On boxing with Nadia Ragbar

Boxing has always been more than a sport. It’s a language. A mood. A box of old magazines pulled off a shelf. The smell of leather gloves. The promise that something meaningful might happen in a small, poorly lit room.

That’s the version of boxing Nadia Ragbar writes in The Pugilist and the Sailor, not boxing as highlight reel or championship mythology, but boxing as texture, constraint, and interior pressure. Her novel follows conjoined twin boxers, but the real fight is inward between autonomy and obligation, escape and attachment, motion and stillness.

Recently, Ragbar sat down with boxing writer and historian Jason Winders (George Dixon: The Short Life of Boxing’s First Black World Champion, 1870-1908) to talk about how boxing works as fiction, why its rituals, ephemera, and stubborn resistance to modernity make it such a powerful storytelling tool. 

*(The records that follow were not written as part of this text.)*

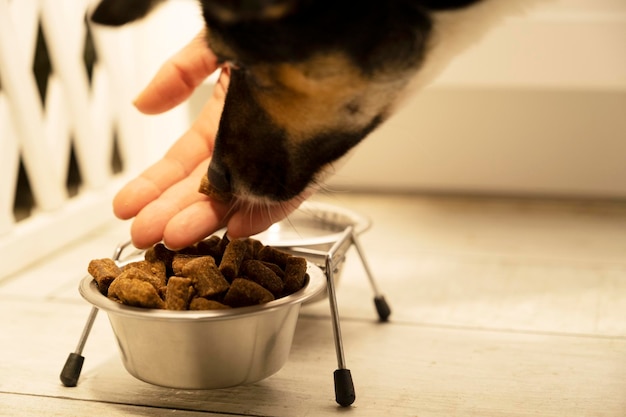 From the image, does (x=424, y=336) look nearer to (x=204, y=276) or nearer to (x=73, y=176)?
(x=204, y=276)

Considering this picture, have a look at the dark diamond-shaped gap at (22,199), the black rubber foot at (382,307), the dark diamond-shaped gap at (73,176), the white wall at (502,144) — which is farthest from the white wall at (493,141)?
the black rubber foot at (382,307)

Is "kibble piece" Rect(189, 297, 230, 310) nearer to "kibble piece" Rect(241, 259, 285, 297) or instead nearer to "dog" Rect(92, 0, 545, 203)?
"kibble piece" Rect(241, 259, 285, 297)

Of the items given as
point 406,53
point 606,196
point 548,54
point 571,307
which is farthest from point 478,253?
point 406,53

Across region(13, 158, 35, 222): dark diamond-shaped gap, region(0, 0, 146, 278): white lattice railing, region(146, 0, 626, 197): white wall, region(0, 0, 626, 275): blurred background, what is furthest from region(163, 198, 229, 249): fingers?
region(146, 0, 626, 197): white wall

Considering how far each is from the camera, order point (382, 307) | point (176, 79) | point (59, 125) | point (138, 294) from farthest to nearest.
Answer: point (59, 125) → point (382, 307) → point (176, 79) → point (138, 294)

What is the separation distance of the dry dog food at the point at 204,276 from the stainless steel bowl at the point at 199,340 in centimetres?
2

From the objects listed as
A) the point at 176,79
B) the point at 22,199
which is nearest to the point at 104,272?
the point at 176,79

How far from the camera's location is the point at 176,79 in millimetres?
1333

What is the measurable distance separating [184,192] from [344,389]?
0.39m

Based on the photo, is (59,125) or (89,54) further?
(89,54)

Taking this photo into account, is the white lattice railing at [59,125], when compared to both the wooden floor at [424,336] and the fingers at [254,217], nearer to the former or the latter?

It’s a conversation about boxing, yes, but also about why writers keep returning to it, and why it continues to offer a way into stories that have nothing to do with winning a belt.


Jason Winders: Lots of sports out there that are easier to write. Why a boxer?

Nadia Ragbar: I had this memory from when I was very young. I was about 4. We were living in Queens, New York, and my uncles would come over to watch boxing with my dad. I have this very specific image of the apartment and the feeling of it being fun. That’s really all there is to it. I don’t know how often it actually happened, but when I was making a list of things I felt drawn to, that memory kept coming back.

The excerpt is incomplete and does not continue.